§ Provided records
━━━━━━━━━━

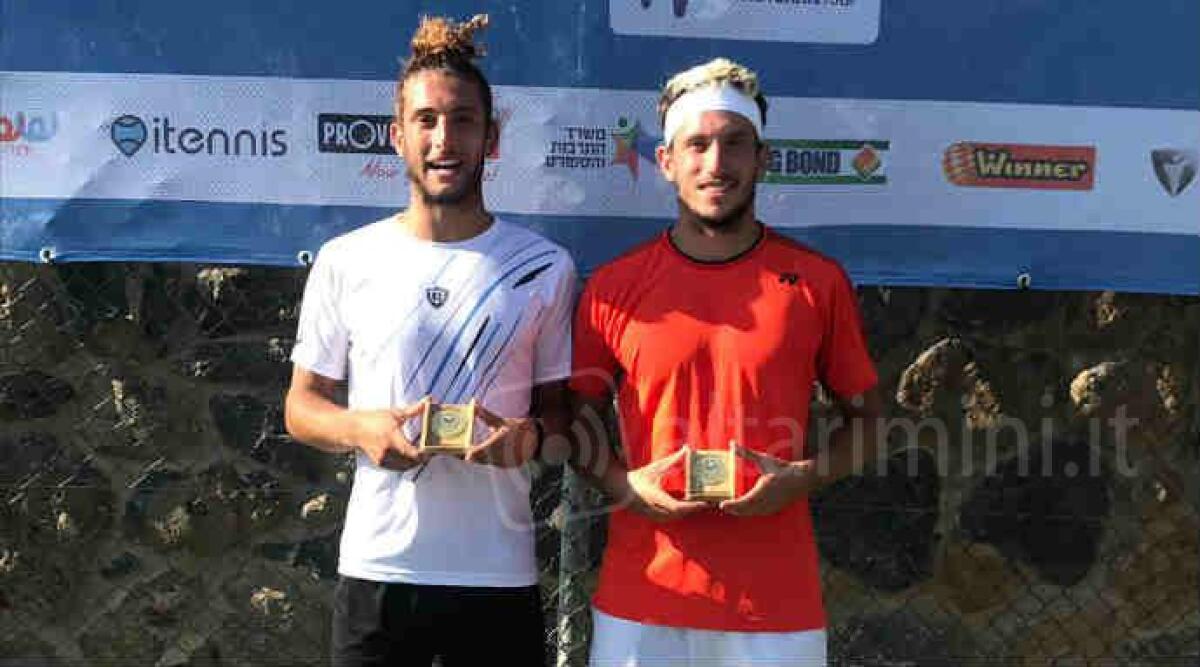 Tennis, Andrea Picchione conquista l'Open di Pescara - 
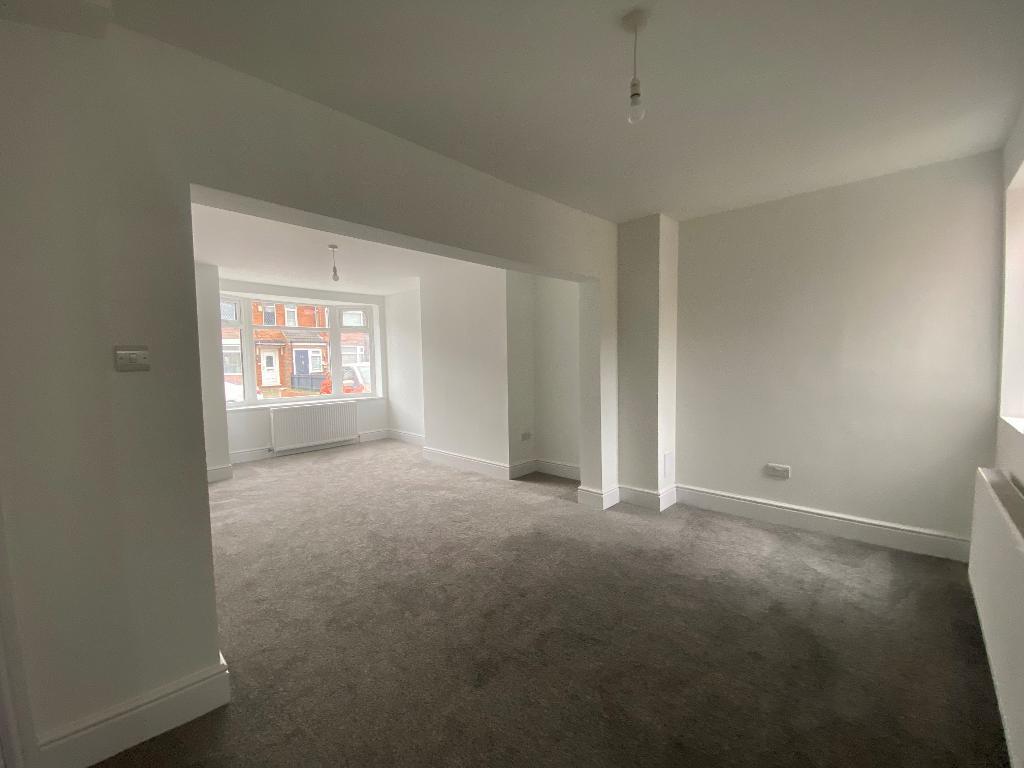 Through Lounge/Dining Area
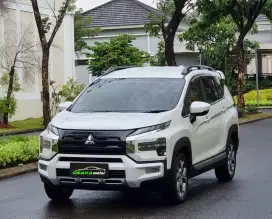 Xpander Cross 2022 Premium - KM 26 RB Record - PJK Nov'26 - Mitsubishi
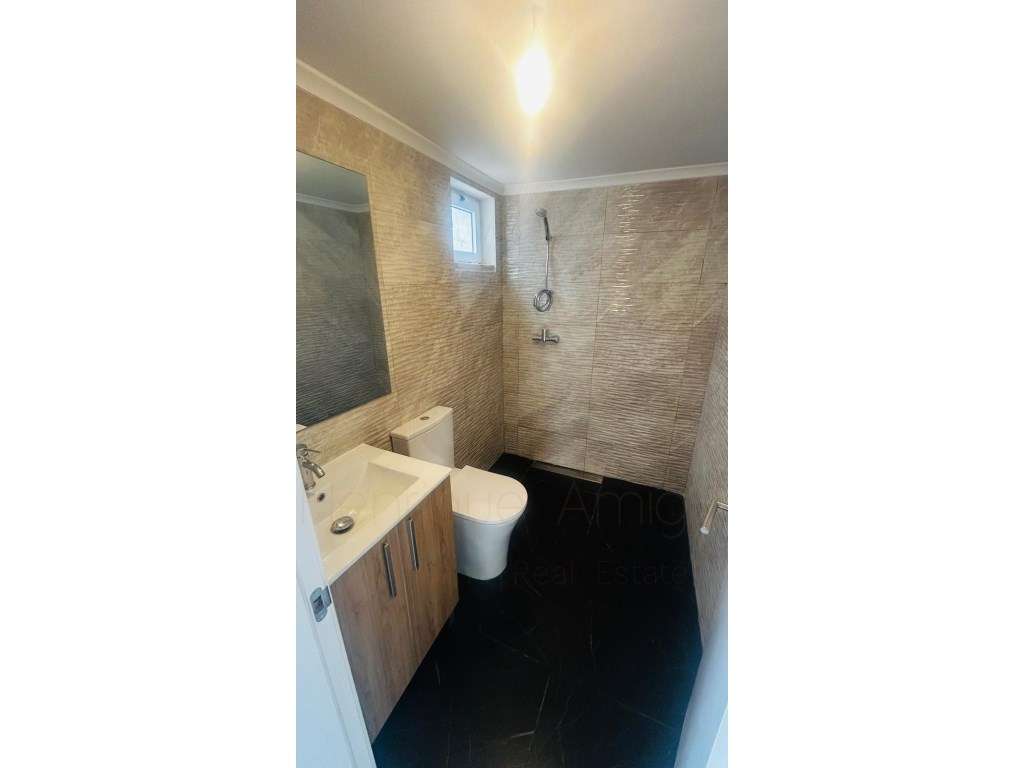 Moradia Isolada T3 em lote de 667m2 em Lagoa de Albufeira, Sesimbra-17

━━━━━━━━━━

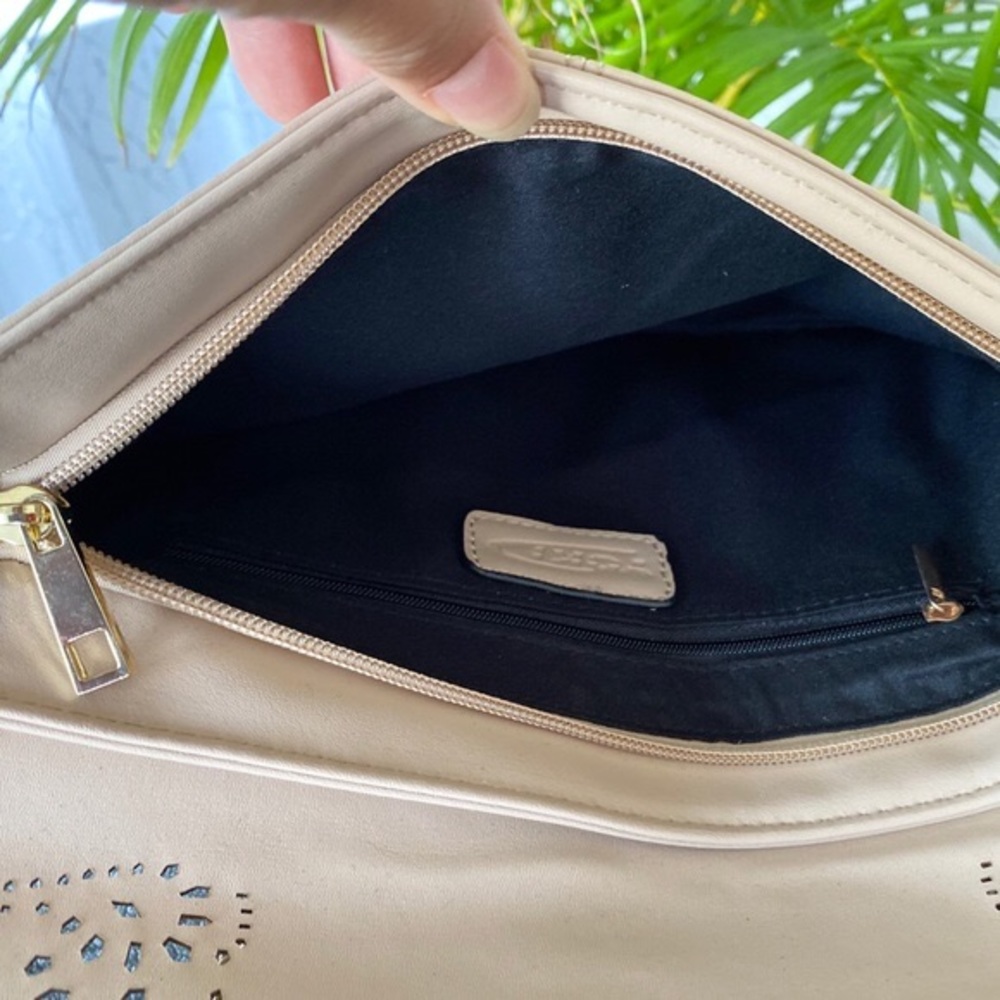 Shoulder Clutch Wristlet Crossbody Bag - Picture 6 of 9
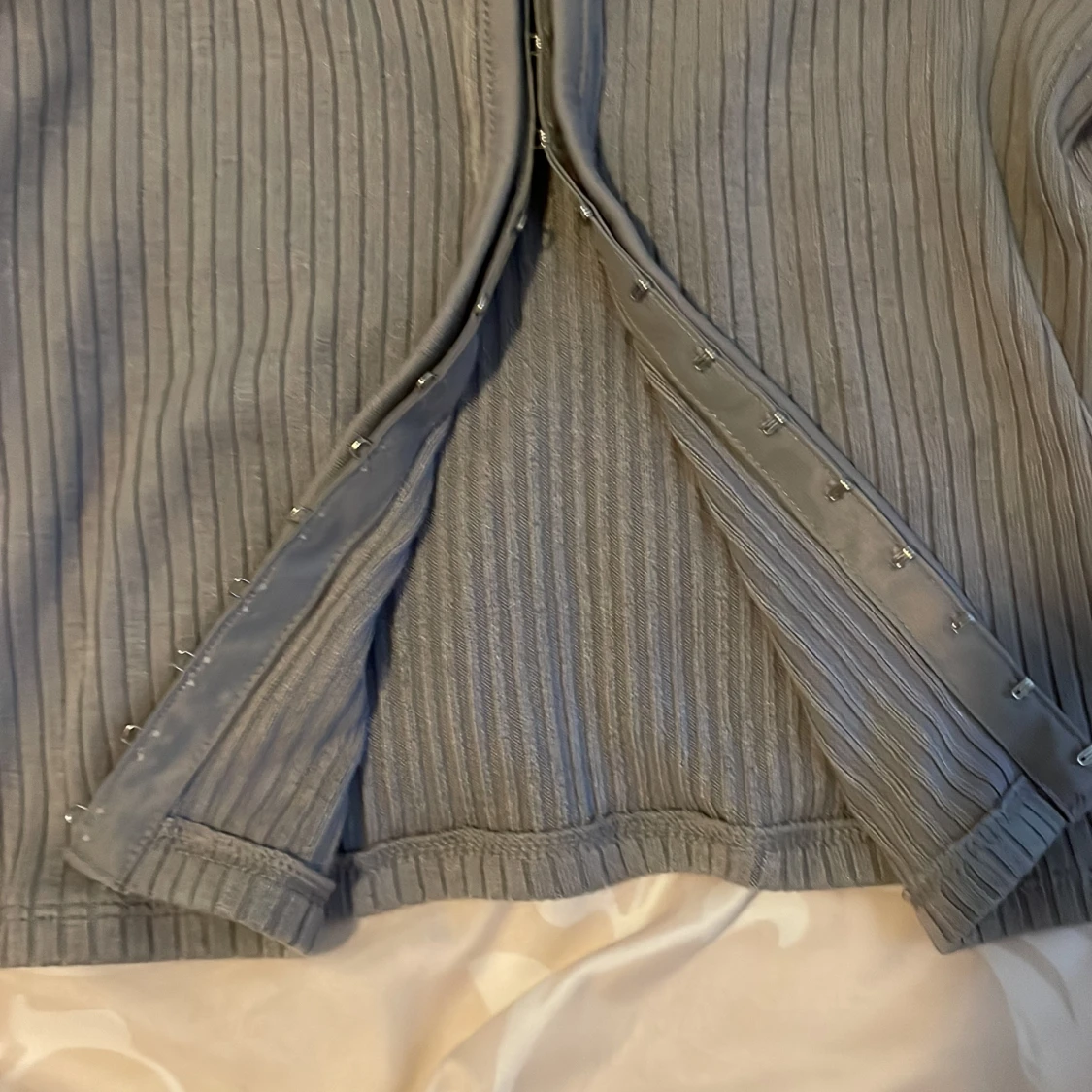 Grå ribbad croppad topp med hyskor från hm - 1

━━━━━━━━━━

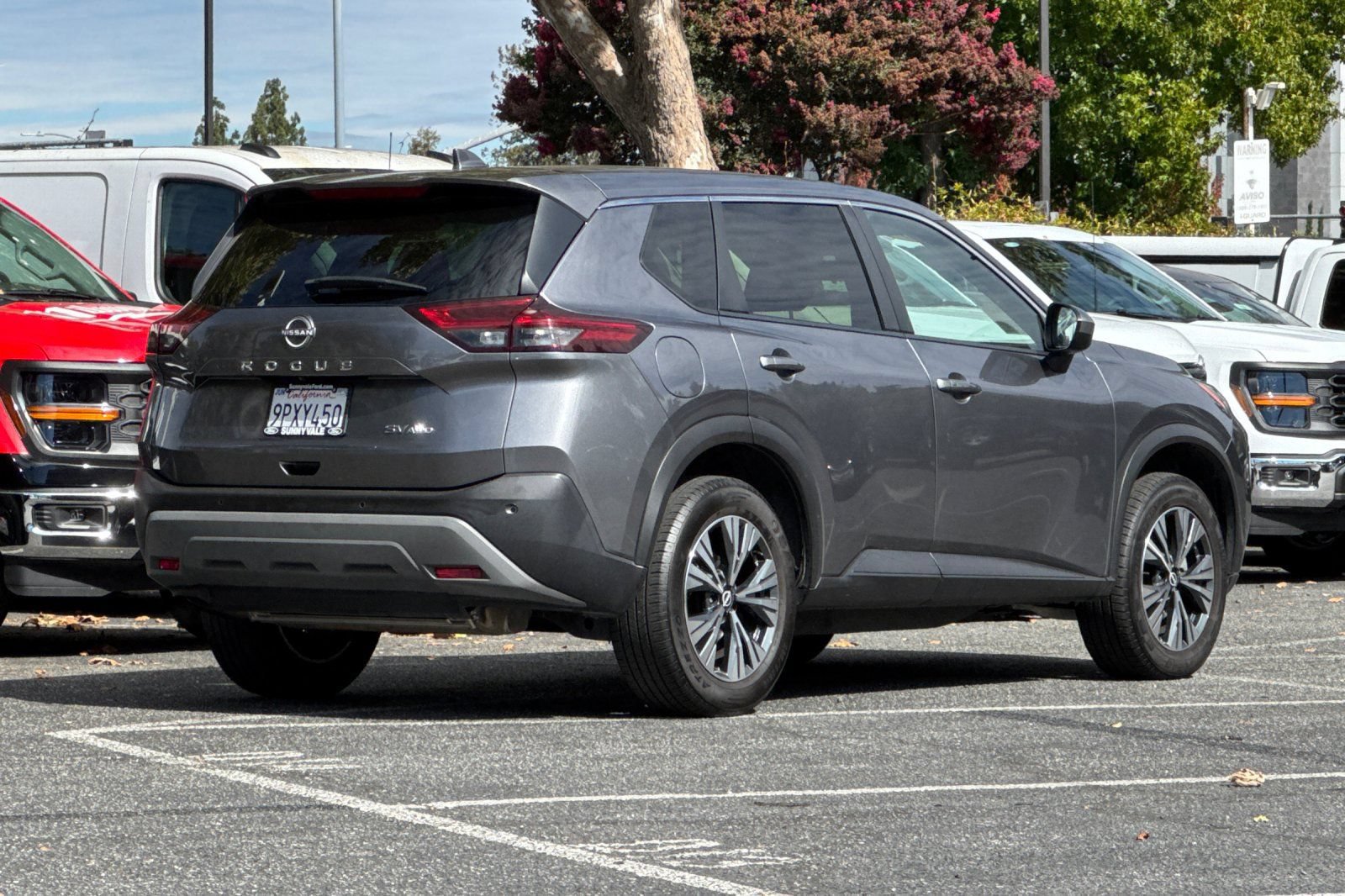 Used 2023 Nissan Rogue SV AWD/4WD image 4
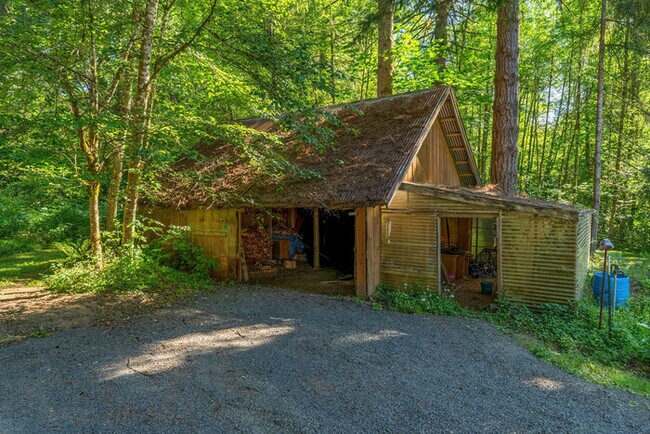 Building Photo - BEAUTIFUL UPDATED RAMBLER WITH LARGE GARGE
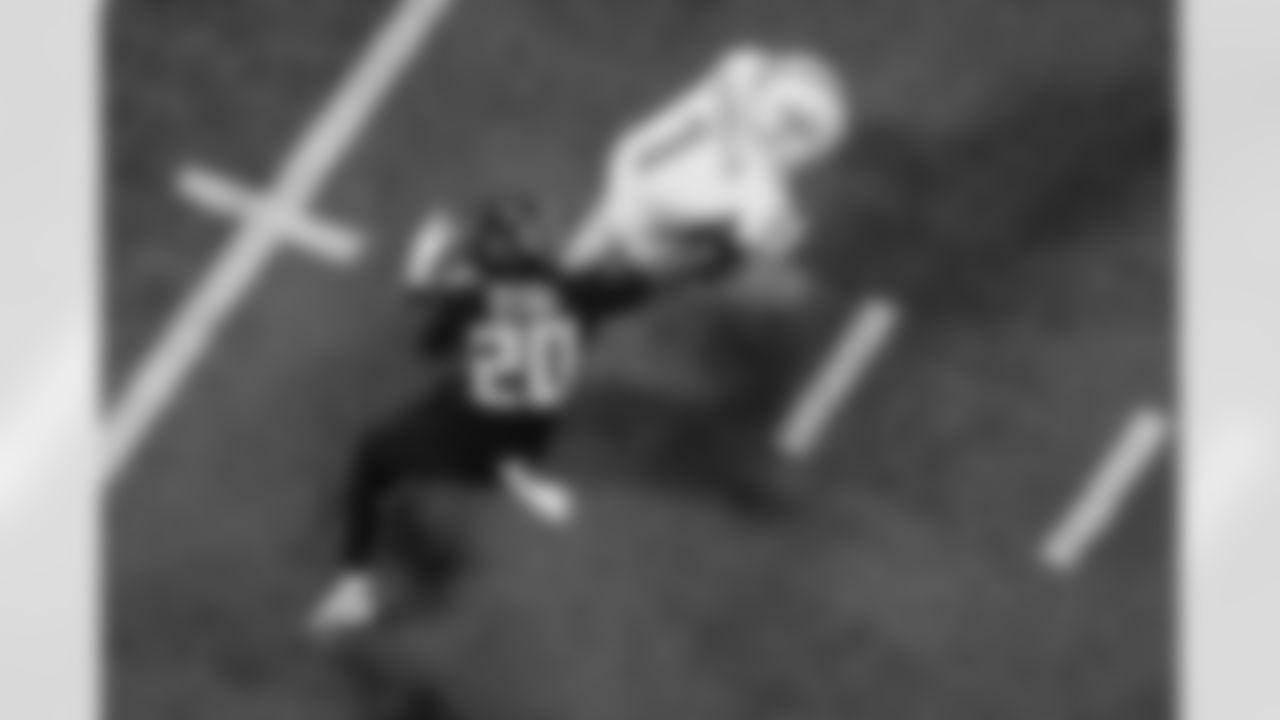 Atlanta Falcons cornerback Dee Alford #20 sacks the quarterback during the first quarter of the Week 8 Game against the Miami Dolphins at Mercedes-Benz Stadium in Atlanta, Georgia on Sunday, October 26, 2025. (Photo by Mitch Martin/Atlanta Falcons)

━━━━━━━━━━

Exact copy, pictures excluded: from the line with "Tennis, Andrea Picchione" up to and including the line with "Moradia Isolada T3" in the data above.

§ Solution for this problem
 Tennis, Andrea Picchione conquista l'Open di Pescara - 
 Through Lounge/Dining Area
 Xpander Cross 2022 Premium - KM 26 RB Record - PJK Nov'26 - Mitsubishi
 Moradia Isolada T3 em lote de 667m2 em Lagoa de Albufeira, Sesimbra-17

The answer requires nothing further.